Il n’est même pas 11h du matin, et Jordan est déjà au rhum. "C’est le petit déj'", s’amuse le jeune homme, venu avec des amis au Salon de l’Agriculture qui se tient jusqu’au 2 mars à la Porte de Versailles, à Paris. "C’est une tradition entre potes : on arrive, on va direct au stand créole et après on se laisse vivre, on va manger, on va boire", complète son amie Yohanna. "Le but c’est pas non plus de finir à quatre pattes, de temps en temps on va peut-être boire un petit verre d’eau, pas sûr, mais on va essayer", assure-t-elle, amusée.
Chaque année, les visiteurs éméchés arpentent les allées du Salon, notamment au sein du pavillon des Outre-mer où ils peuvent déguster différents types de rhums. Matthieu Sylvestre est originaire de la Guadeloupe. Sur son stand, le gérant de Banm’Bokit propose des bokits, des accras, mais aussi du planteur et du punch. "On fait un briefing à nos équipes. Quand on voit que la personne a trop bu, on refuse de la servir, affirme-t-il. C’est une foire où il y a beaucoup de monde, ça nous arrive de refouler des personnes, mais en général ça se passe bien."
Brigade de "désoiffeurs"
Cette année, le rhum AOC Martinique présente au Salon un espace où les visiteurs peuvent en apprendre plus sur la collecte du jus de canne et un espace dégustation. Bruno Priouzeau, chargé de mission pour le rhum AOC Martinique, assure qu’aucune mesure particulière n’a été mise en place pour réfréner les buveurs les plus motivés. "Il n’y a pas de vrai processus, le tout c’est de respecter la réglementation, explique-t-il. On est régis par une licence IV, cette licence IV nous dit que nous n’avons pas le droit de servir les mineurs et nous n’avons pas le droit de servir des gens qui sont déjà alcoolisés lourdement."
On est là pour faire découvrir le rhum, on n’est pas là pour enivrer les gens et les saouler.
Bruno Priouzeau
Gilda Monerville travaille pour la région Guadeloupe. Ce n’est pas sa première fois au Salon et elle a pu voir les choses déraper un peu lors de précédentes éditions. "On voyait bien qu’il y avait des jeunes qui restaient traîner parce qu’il y a du rhum et on n’hésitait pas à remplir leurs verres d’eau", se souvient-elle. Depuis, "on a compris, donc on a modifié les stands, on a modifié les réserves pour s’assurer que quand c’est plus l’heure, c’est plus l’heure", assure-t-elle.
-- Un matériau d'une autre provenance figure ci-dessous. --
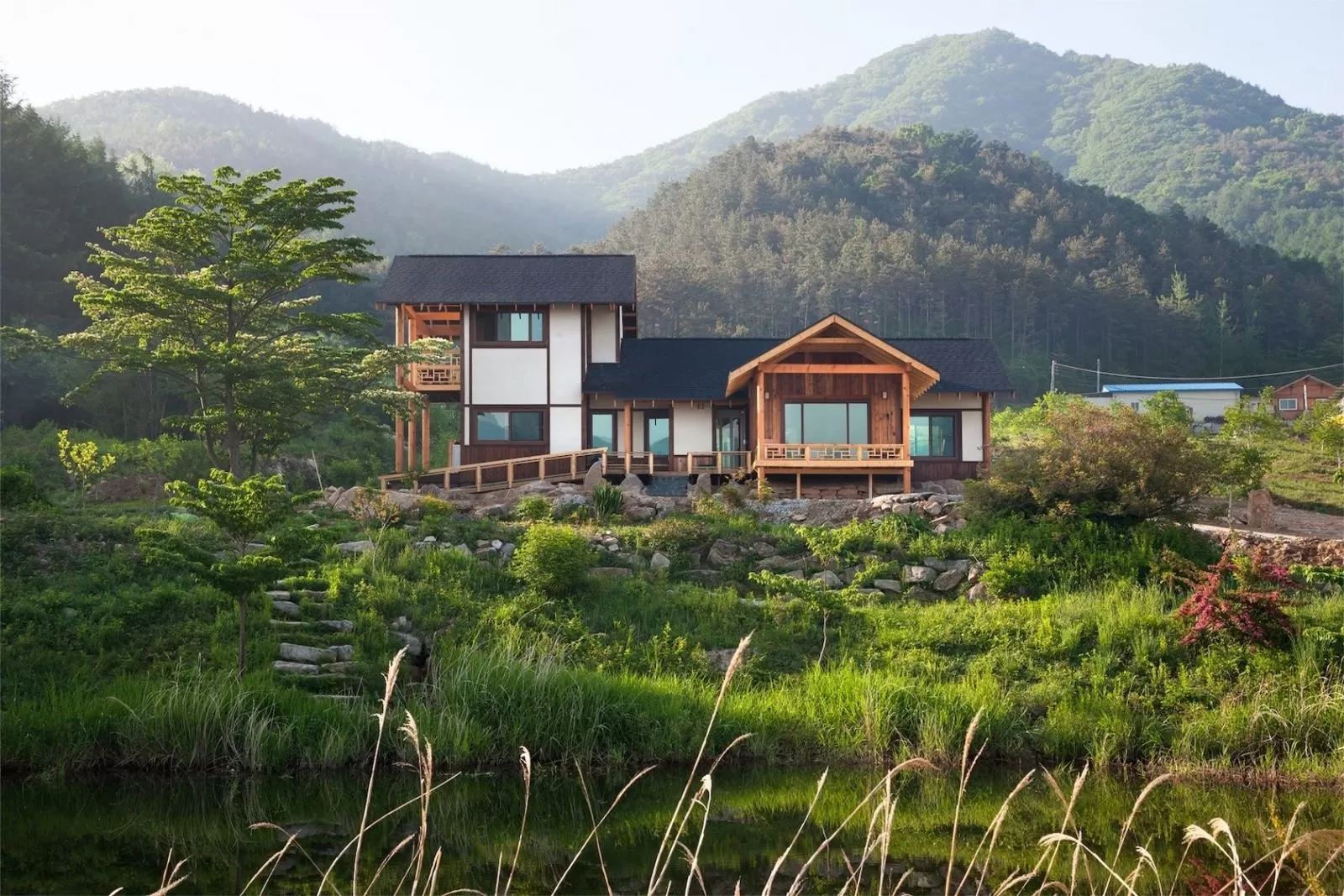 Sử dụng vật tư lát sàn và dán tường có tính ứng dụng cao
Pour l’édition 2025 du Salon, les organisateurs ont mis en place une brigade de l’eau chargée d’hydrater les visiteurs assoiffés. Bonbonne de 18 litres sur le dos, les "désoiffeurs", une quinzaine en tout, arpentent les allées de la foire pour proposer des verres d’eau. "Les gens demandent ‘Est-ce que vous avez de l’alcool ?’ On dit ‘Non, c’est de l’eau’. Ils sont très déçus. Les gens viennent un peu pour faire la fête, donc forcément…", explique l’un des désoiffeurs, Idriss, 20 ans. Même si tous les visiteurs ne sont pas intéressés, la demande est là. "Hier, on a fait plus de 10 recharges", commente son collègue Patrick. Soit près de 2.700 litres d’eau écoulés en une journée.